Problem details ▸ Using the records below, transcribe exactly only the lines from the one with "Dark Ditsy Floral" through the end, both included, and drop every picture.

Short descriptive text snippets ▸
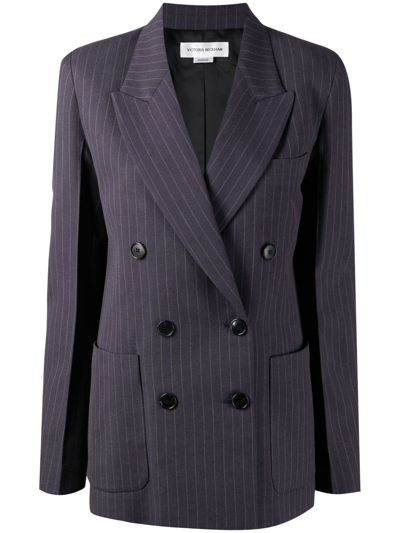 Victoria Beckham Double-breasted Pinstriped Woven Blazer In Blue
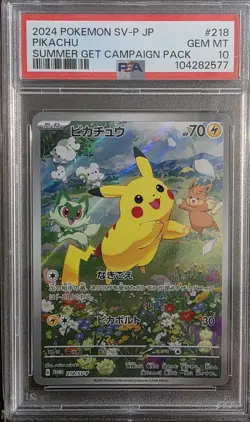 PSA 10 Pikachu Summer 218/SV-P SV-P Pokemon Card - Image 1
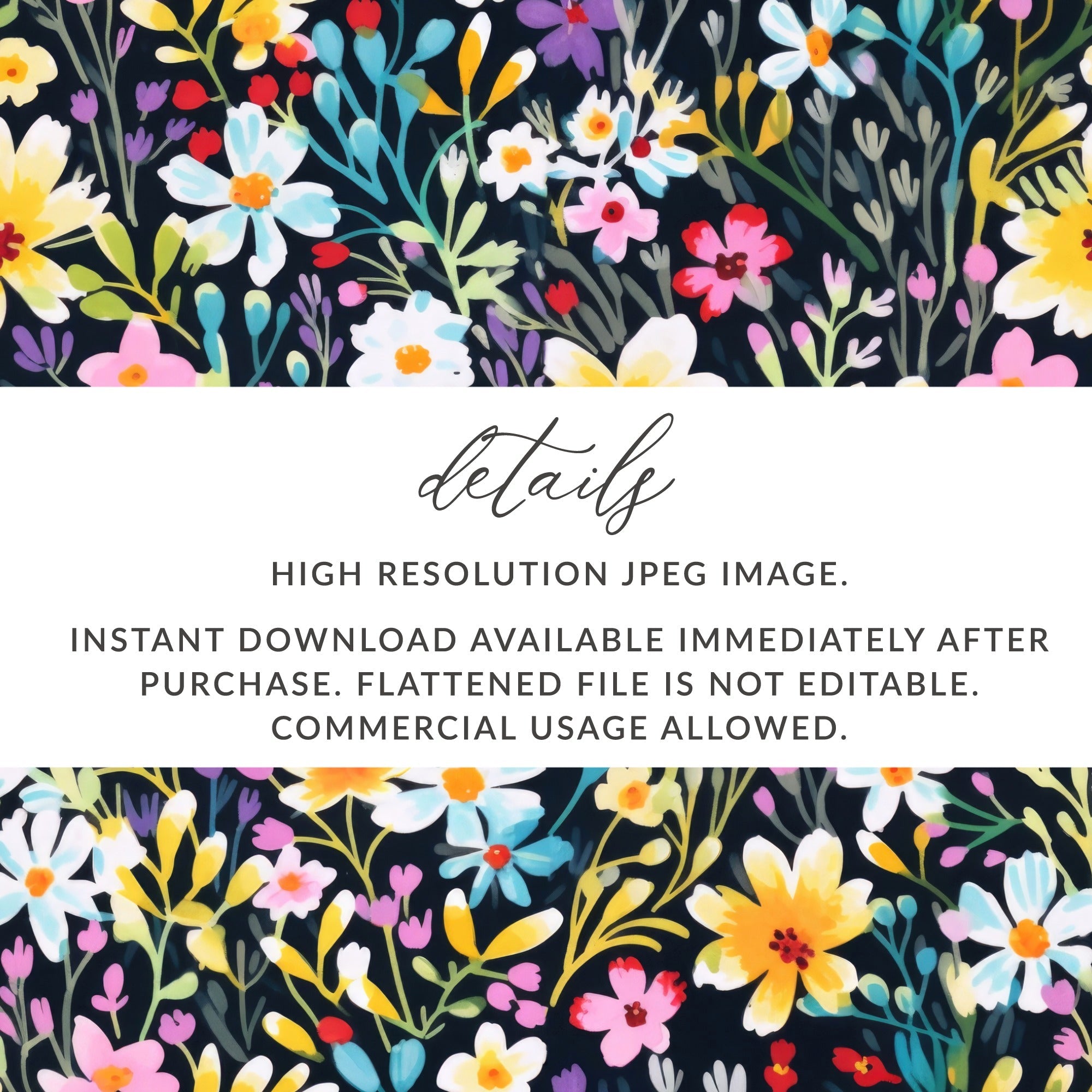 Dark Ditsy Floral Seamless Background - Moore and Mountain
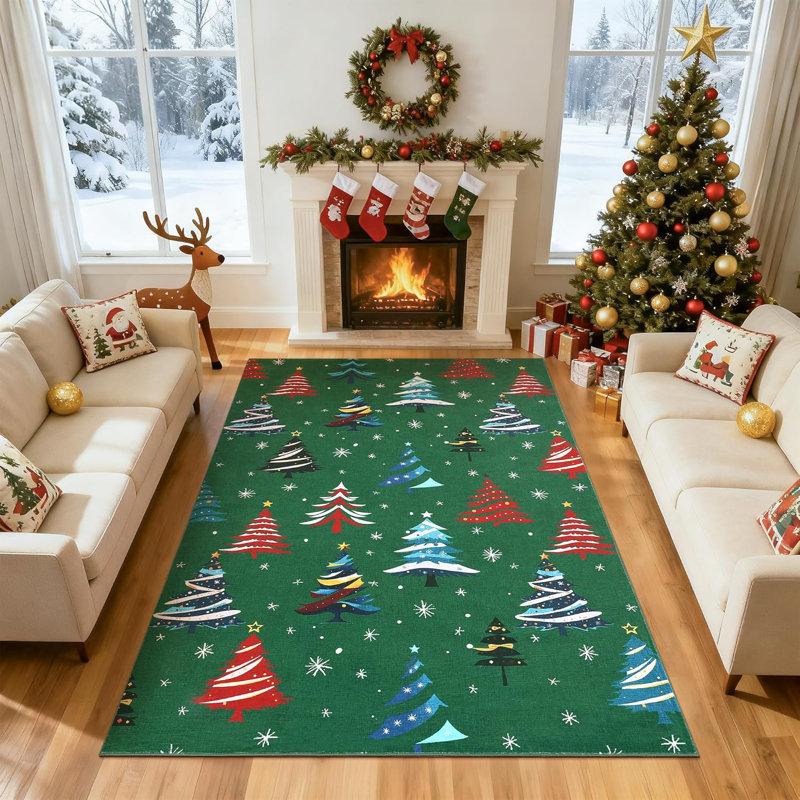 Tapis lavable antidérapant Christmas Tree, Rectangle 6 pi x 9 pi
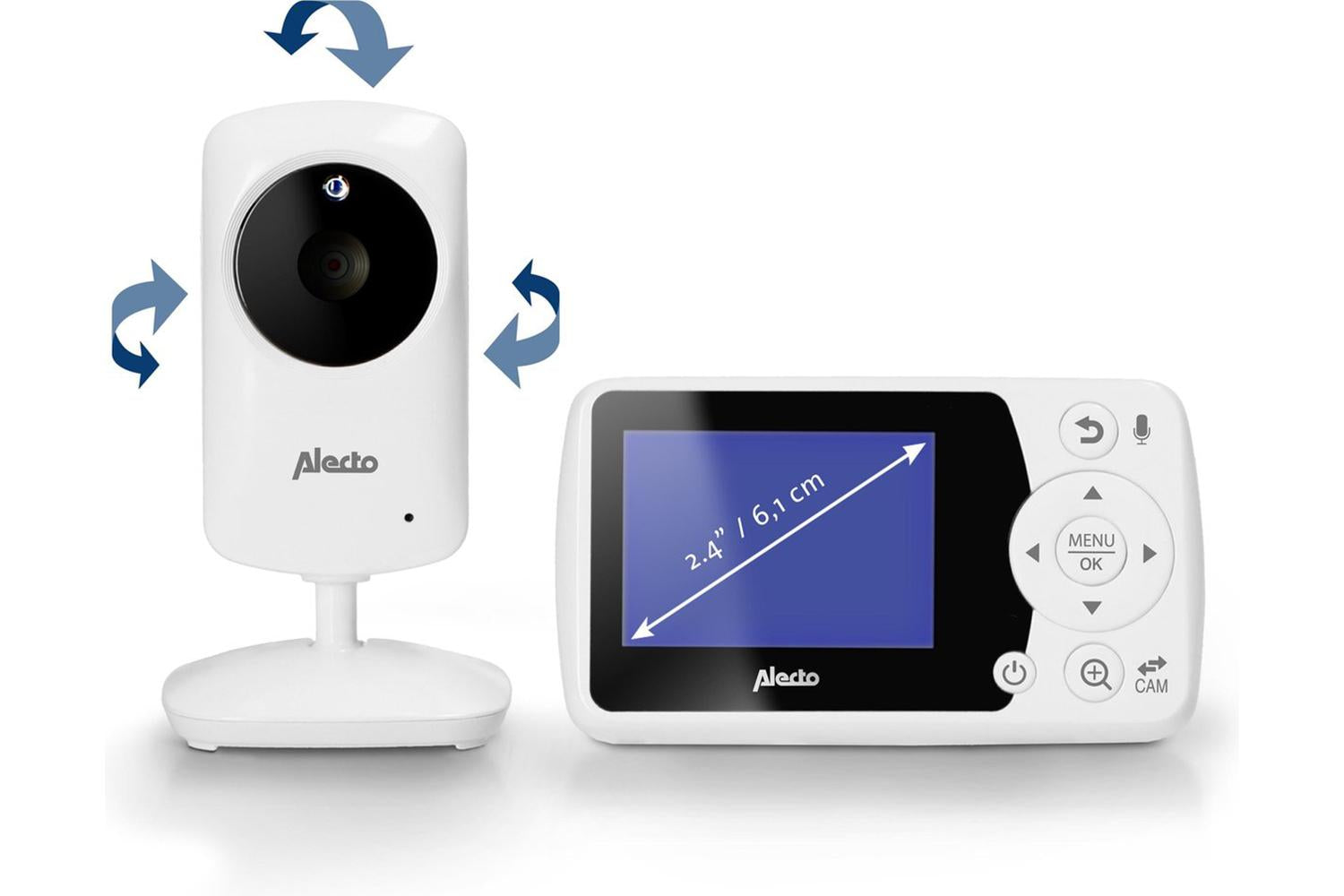 Alecto DVM-64  Baby Monitor with Camera and 2.4" Color Screen | White-2
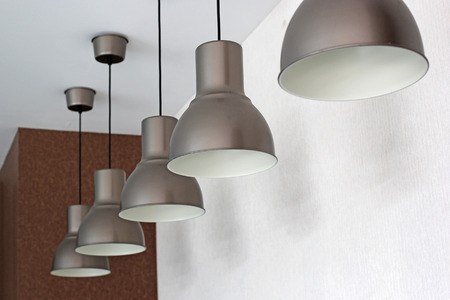 modern hanging lamp with light on ceiling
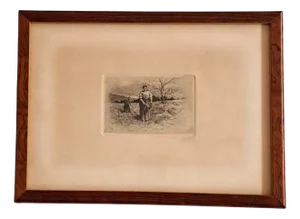 T. Campuzano Y Aguirre, Peasants, 1895, Engraving, Framed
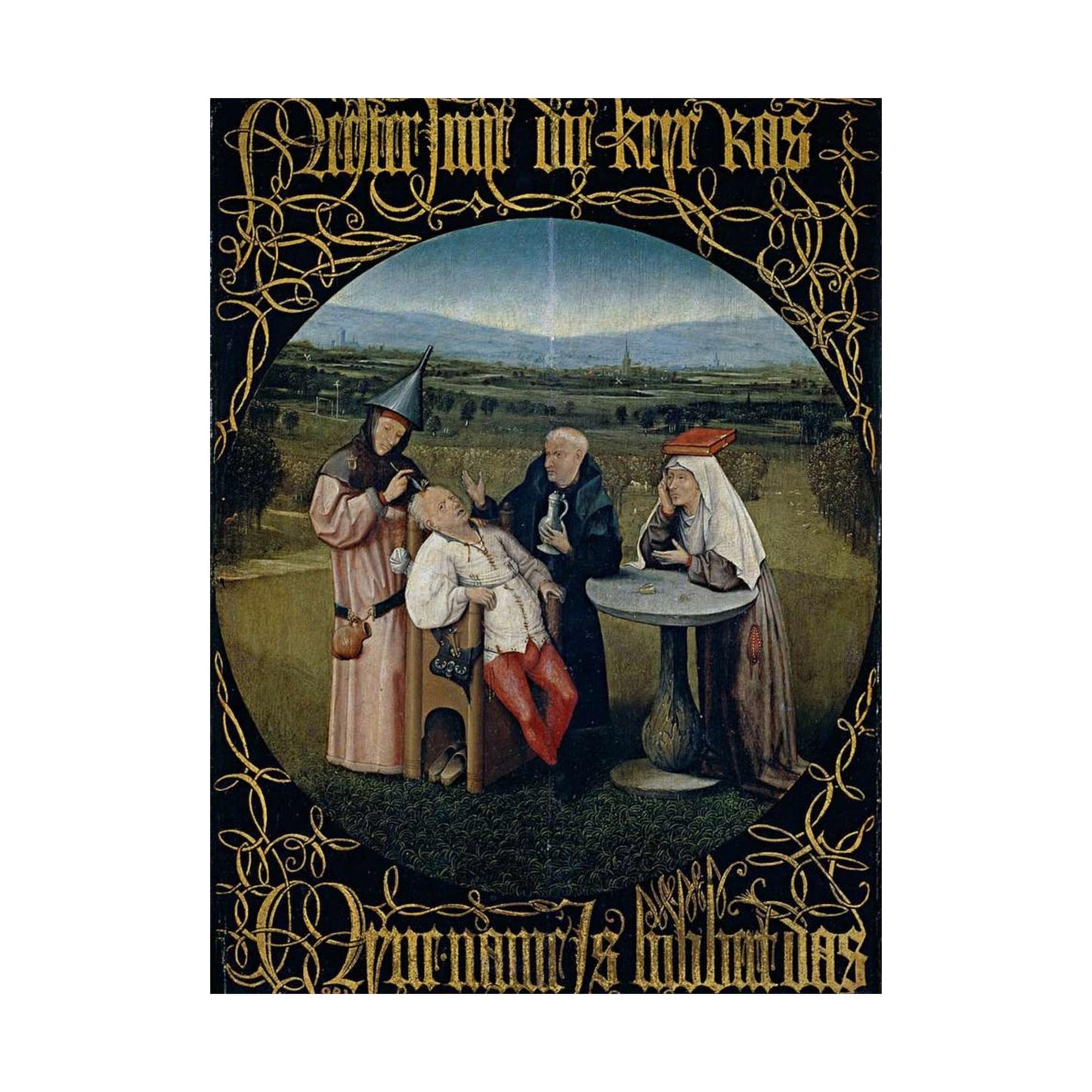 Hieronymus Bosch 053 - A painting of a group of people sitting around a table High Quality Matte Wall Art Poster for Home, Office, Classroom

Written response ▸
 Dark Ditsy Floral Seamless Background - Moore and Mountain
 Tapis lavable antidérapant Christmas Tree, Rectangle 6 pi x 9 pi
 Alecto DVM-64  Baby Monitor with Camera and 2.4" Color Screen | White-2
 modern hanging lamp with light on ceiling
 T. Campuzano Y Aguirre, Peasants, 1895, Engraving, Framed
 Hieronymus Bosch 053 - A painting of a group of people sitting around a table High Quality Matte Wall Art Poster for Home, Office, Classroom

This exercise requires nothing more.